Entertainment

Anna Friel: I don’t think the perfect mother exists

The International Emmy-winner stars as a mother struggling to do the best for her family in forthcoming emotional thriller Deep Water.
The International Emmy-winner stars as a mother struggling to do the best for her family in forthcoming emotional thriller Deep Water.

Anna Friel has said that the perfect mother does not exist – but that some mothers are better than others.

The actress, from Rochdale, Greater Manchester, plays a mother struggling to do the best for her family in ITV emotional thriller Deep Water.

The 43-year-old, who is herself mother to teenager Gracie, said that while she thought there was no such thing as a perfect parent, she had friends who appeared to be able to do it all.

Anna Friel and daughter Gracie
Anna Friel and daughter Gracie (Ian West/PA)

Speaking to PA, she questioned whether being perfect was something worth striving for, or even possible.

She said: “I don’t think it exists. I think there’s mothers that are better than others.

“I’ve got a friend called Rachel who’s got four children and is a full-time teacher and still makes homemade bread… and I just don’t know how she does it.

“That’s all she has room for, I think. But is perfection anything anybody should ever strive for? And does it exist? And if it does, I think you would have to be quite conceited and self-obsessed.”
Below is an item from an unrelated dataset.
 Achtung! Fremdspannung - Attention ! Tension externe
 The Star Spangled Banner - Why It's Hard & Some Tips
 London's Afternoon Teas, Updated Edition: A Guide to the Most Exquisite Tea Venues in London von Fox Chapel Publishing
Friel stars alongside Sinead Keenan and Rosalind Eleazar in the Lake District-set six-part series, adapted from the Windermere novels by author Paula Daly.

Lake District from the air
Windermere in the Lake District (Owen Humphreys/PA)
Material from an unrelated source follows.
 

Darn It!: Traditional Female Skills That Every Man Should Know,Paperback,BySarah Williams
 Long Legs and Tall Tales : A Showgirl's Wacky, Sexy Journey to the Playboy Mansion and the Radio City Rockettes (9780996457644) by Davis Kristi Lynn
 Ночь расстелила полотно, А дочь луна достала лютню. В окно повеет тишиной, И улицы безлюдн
The International Emmy-winner also said the Me Too movement had “opened a can of worms” and allowed women to ask questions they previously thought off-limits.
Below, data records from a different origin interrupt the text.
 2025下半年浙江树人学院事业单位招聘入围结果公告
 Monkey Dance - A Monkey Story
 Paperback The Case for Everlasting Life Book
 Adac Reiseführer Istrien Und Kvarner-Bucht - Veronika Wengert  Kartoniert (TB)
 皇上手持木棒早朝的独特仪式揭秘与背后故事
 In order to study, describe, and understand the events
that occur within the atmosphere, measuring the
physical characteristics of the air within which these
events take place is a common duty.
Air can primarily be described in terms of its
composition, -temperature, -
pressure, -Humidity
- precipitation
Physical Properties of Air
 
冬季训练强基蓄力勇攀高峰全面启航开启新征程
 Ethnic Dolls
However, she said Deep Water was not about that, and was simply “a look at life”.

“If you think of the Me Too movement, that’s just opened a can of worms that will never be shut,” she said.

“Where does it go to? And I just think it’s causing more and more debate in so many areas.

“It’s making people ask questions that they didn’t feel that they could or were allowed to.

“But I don’t think this drama is about that, I think it’s just a look at life. They call it an emotional thriller.”

Deep Water airs on ITV on Wednesday August 14 at 9pm.